On October 16, 2018, Hood was released by the Redskins.

===Miami Dolphins===
On October 30, 2018, Hood was signed by the Miami Dolphins.

===New Orleans Saints===
On July 24, 2019, Hood signed with the New Orleans Saints.

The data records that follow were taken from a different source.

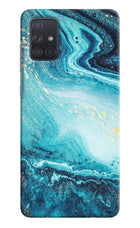 Blue Glitter Marble Samsung A71 Hard Case Back Cover by Casekaro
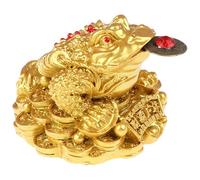 Figuras coleccionables de rana de dinero, rana de suerte de oro y sapo feng shui rana de dinero con fortuna de monedas figuras coleccionables regalos de rana riqueza para la rana para el automóv
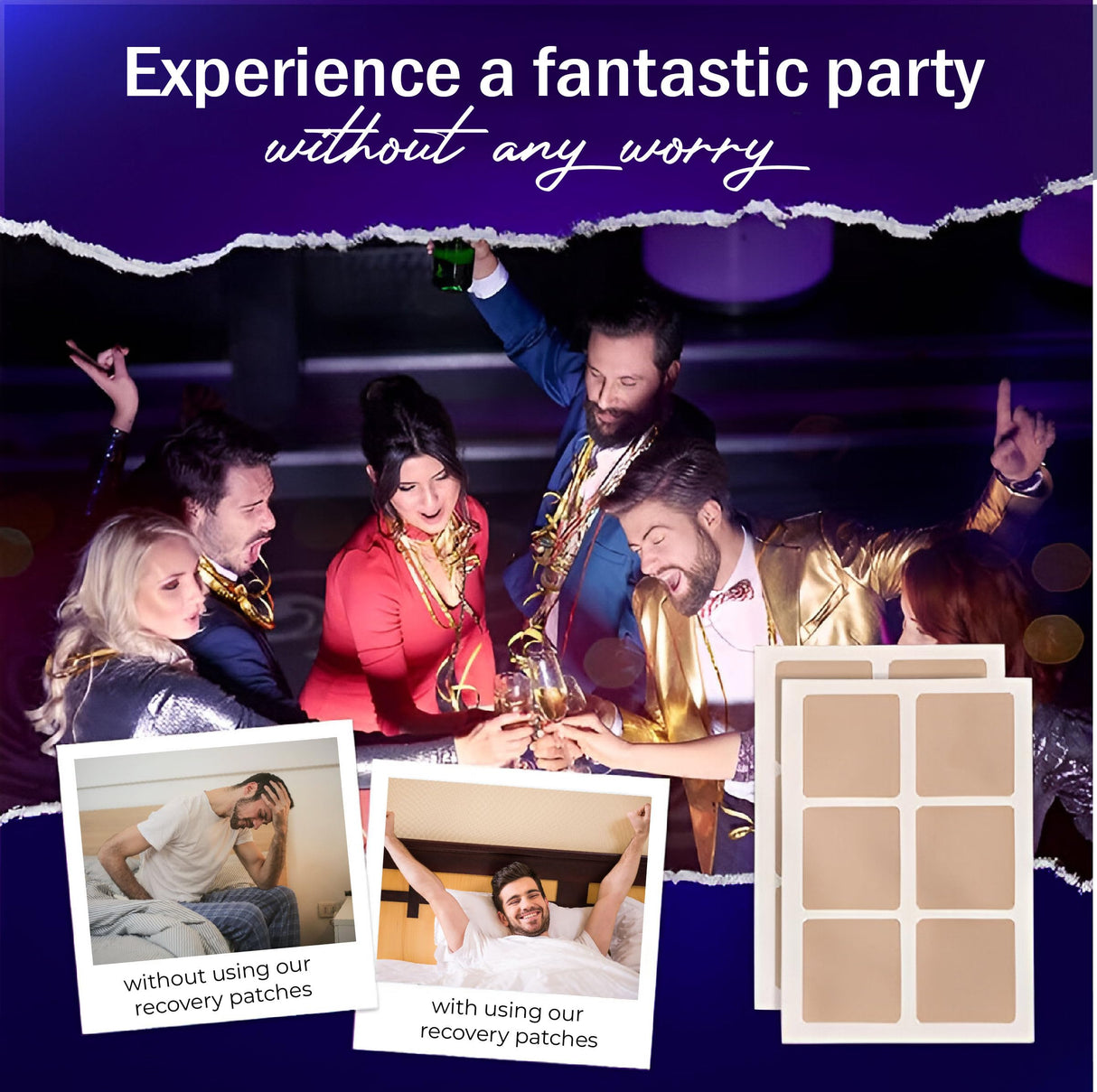 84-Pack Party Patches - Wake Up Refreshed and Energized with Skin-Friendly Patch - Strong Adhesive for Secure Fit - Natural Ingredients for Quick Recovery (Beige (84 Count))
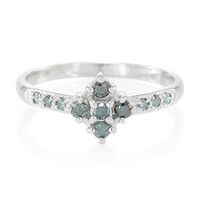 Anello placcato in platino con Diamante Fancy
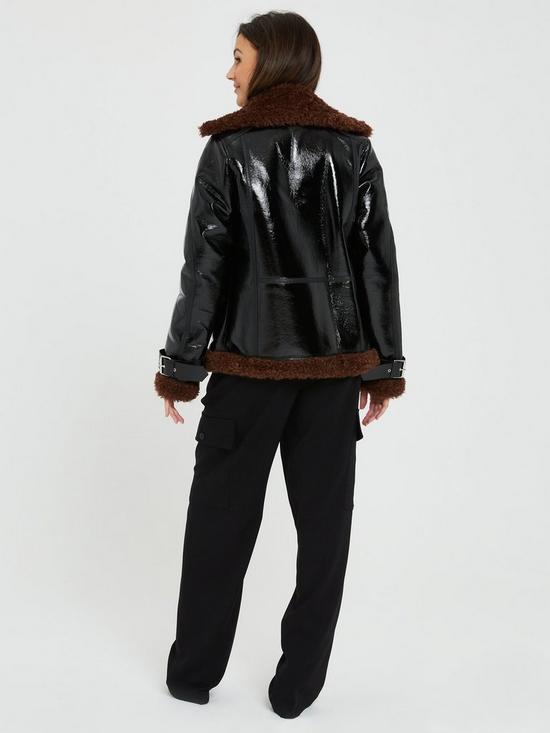 stillFront image of michelle-keegan-vinyl-aviator-jacket-black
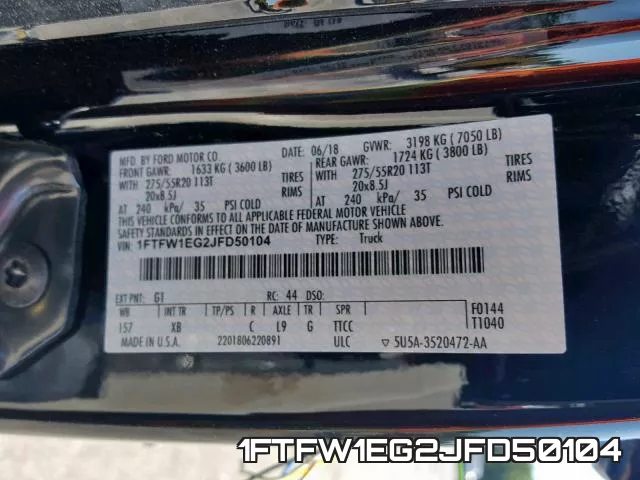 1FTFW1EG2JFD50104 фото 2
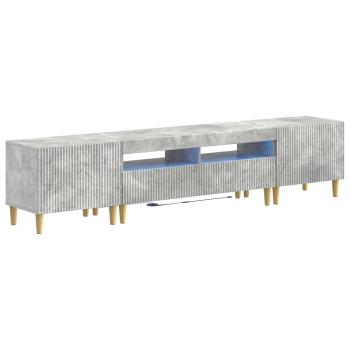 3-teiliges LED TV Regal ARNHEM 3 stk. Betongrau Holzwerkstoff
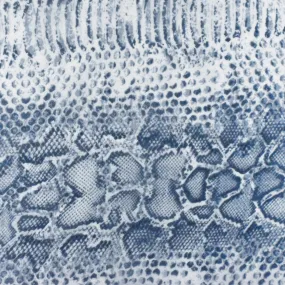 Pacific Blue-Ivory Snake Skin Printed Silk Chiffon Fabric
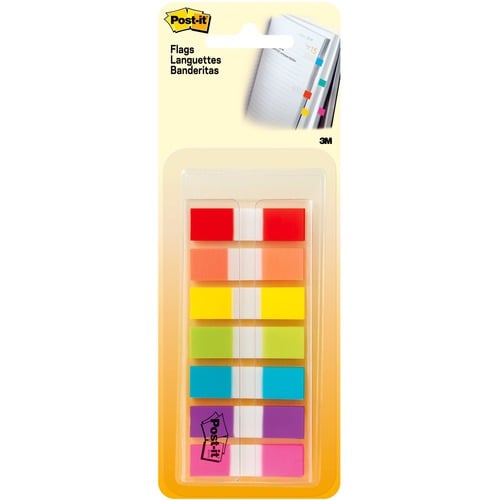 Post-it Flags, On-the-Go Dispenser, 1/2" x 1 3/4", Self-Stick, Multicolor, 189/PK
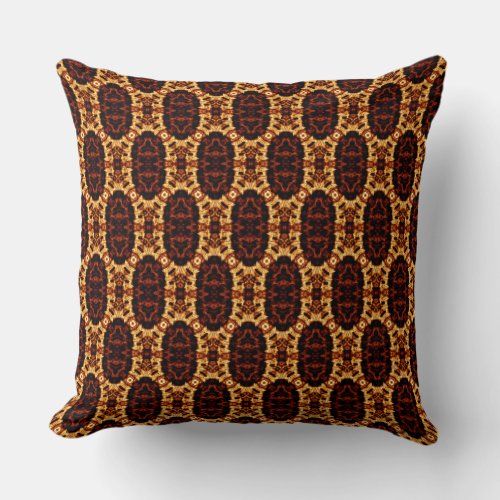 Brown Orange Geometric Pattern Rustic Throw Pillow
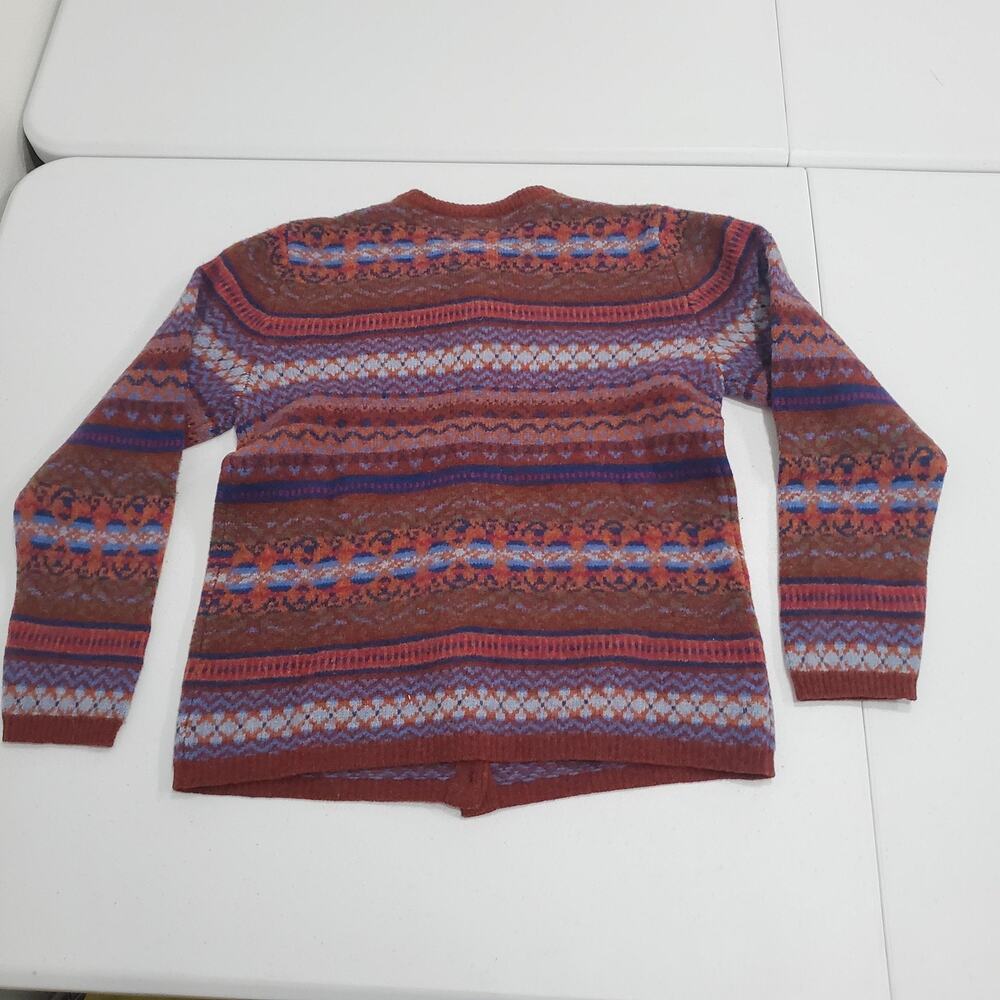 Vintage Eddie Bauer Cardigan Sweater Womens Petite XS Multicolor Fair Isle - Picture 3 of 7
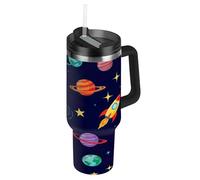 RPLIFE Tumbler with Handle and Straw 30 Oz, Stainless Steel Insulated Cups with Lids for Men Women Travel, Colorful Rockets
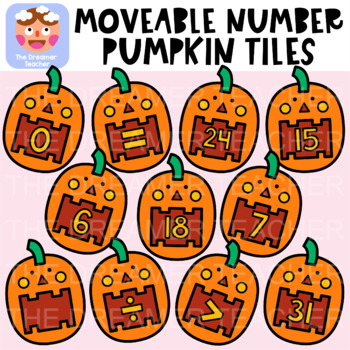 Preview of Moveable Number Pumpkin Tiles - Halloween Clipart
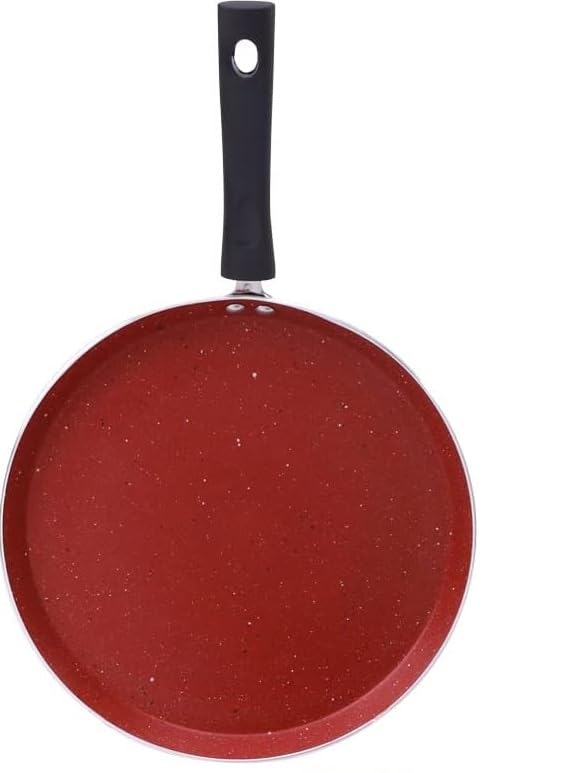 4tens Non Stick Frying pan nonstick dosa tawa NonToxic pfoa bpaFree Induction Base All stoves dosa pan Ceramic pan for Cooking Omelette pan Induction Base red - Image 1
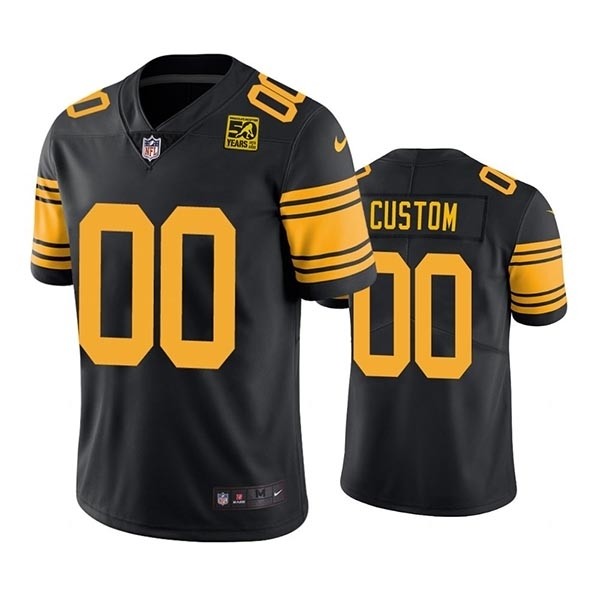 Men's Pittsburgh Steelers Active Player Custom Black 2023 Color Rush 50th Anniversary Limited Jersey(Name and number remark in comment column)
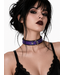 Thin Leather Strap Choker with D ring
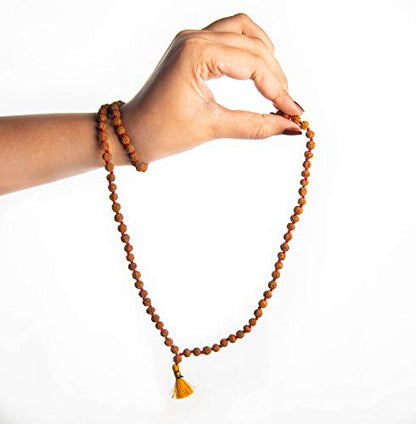 Wonder Care Authentic Rudraksh Mala-5face- Genuine Himalayan Rudraksha Seeds Religious Ornament Rosary Japa Mala Necklace Prayer Mala Healing Beads - color: 6mm-10pc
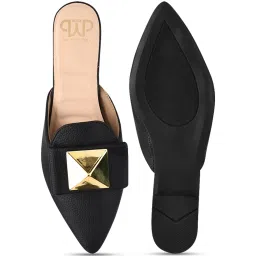 The White Pole Women's Black Mule Shoes image 4
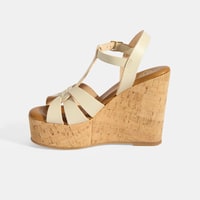 Kadın Beyaz Toka Aksesuarlı T-Bant Deri Dolgu Topuklu Sandalet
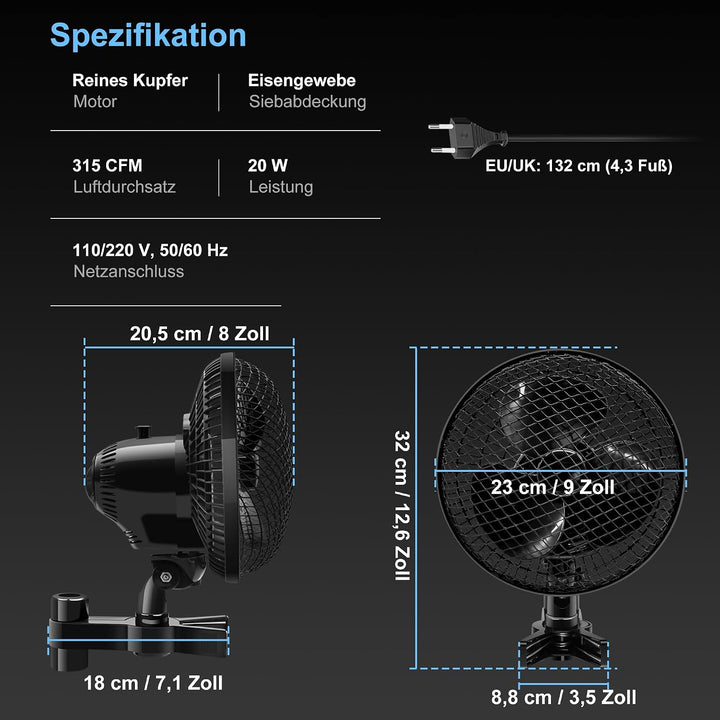 Oszillierender Grow Ventilator mit 2 Stufen, Clip Lüfter 20W | Stabiler Metallschutzgitter, Hitzebes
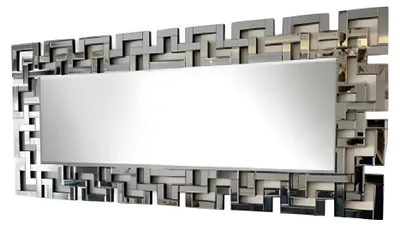 Produktbild von Grauer Spiegel aus Glas modern, eleganter Wandspiegel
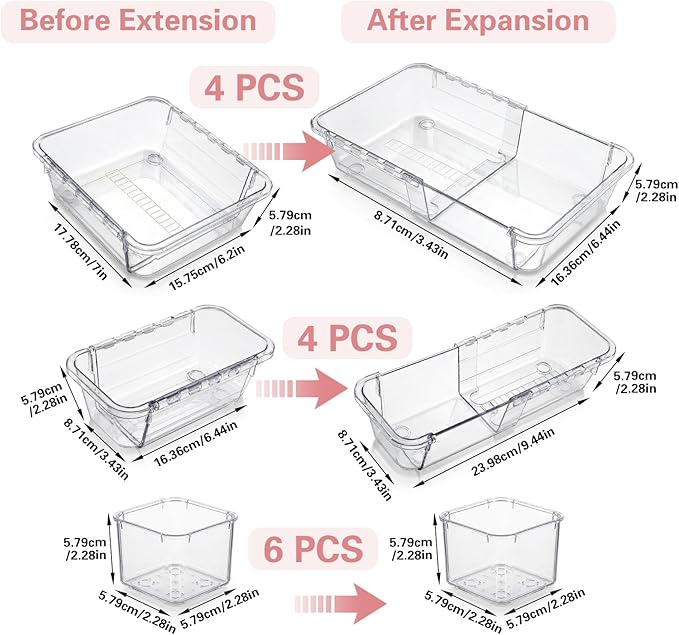 14 Pcs Clear Drawer Organizer - 3 Sizes, Adjustable Drawer Storage Box, Desk Drawer Organizer, Acrylic Storage Bins for Makeup, Cosmetic, Kitchen Utensils, Bedroom Dressers Tool Organizer for Gadgets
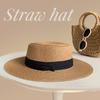 Women's French Style Flat Top Straw Hat Large Head Circumference Flat Brim Seaside Beach Vacation Dress Hat Plus Size Woven Formal Hat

He was released by New Orleans on August 31.

===NFL statistics===

Year: Team; Games; Tackles; Fumbles; Interceptions
GP: GS; Comb; Total; Ast; Sack; FF; FR; Yards; Int; Yards; Avg; Long; TD; PD
2009: PIT; 16; 0; 8; 5; 3; 1.0; 0; 1; -1; 0; 0; 0; 0; 0; 2
2010: PIT; 16; 9; 20; 15; 5; 3.0; 0; 0; 0; 0; 0; 0; 0; 0; 1
2011: PIT; 16; 14; 31; 19; 12; 1.5; 0; 0; 0; 0; 0; 0; 0; 0; 1
2012: PIT; 16; 16; 42; 25; 17; 3.0; 0; 2; 1; 0; 0; 0; 0; 0; 3
2013: PIT; 16; 7; 39; 26; 13; 3.0; 0; 1; 0; 0; 0; 0; 0; 0; 0
2014: JAX; 16; 0; 24; 17; 7; 1.0; 0; 1; 0; 0; 0; 0; 0; 0; 0
2015: CHI; 2; 0; 0; 0; 0; 0.0; 0; 0; 0; 0; 0; 0; 0; 0; 0
2016: WSH; 16; 14; 33; 17; 16; 1.0; 1; 0; 0; 0; 0; 0; 0; 0; 3
2017: WSH; 15; 13; 25; 13; 12; 0.5; 0; 0; 0; 0; 0; 0; 0; 0; 0
2018: WSH; 5; 0; 3; 2; 1; 0.0; 0; 0; 0; 0; 0; 0; 0; 0; 0
MIA: 8; 0; 6; 2; 4; 0.0; 0; 0; 0; 0; 0; 0; 0; 0; 1
Career: 142; 73; 231; 141; 90; 14.0; 1; 5; 0; 0; 0; 0; 0; 0; 11

==Personal life==
Hood was named by his father after former professional boxer Evander Holyfield, of whom his father was a fan. He is of half Mexican ancestry. During his childhood, his Mexican grandmother could not correctly pronounce Evander, so she started calling him by the name of her favorite cartoon character, Ziggy.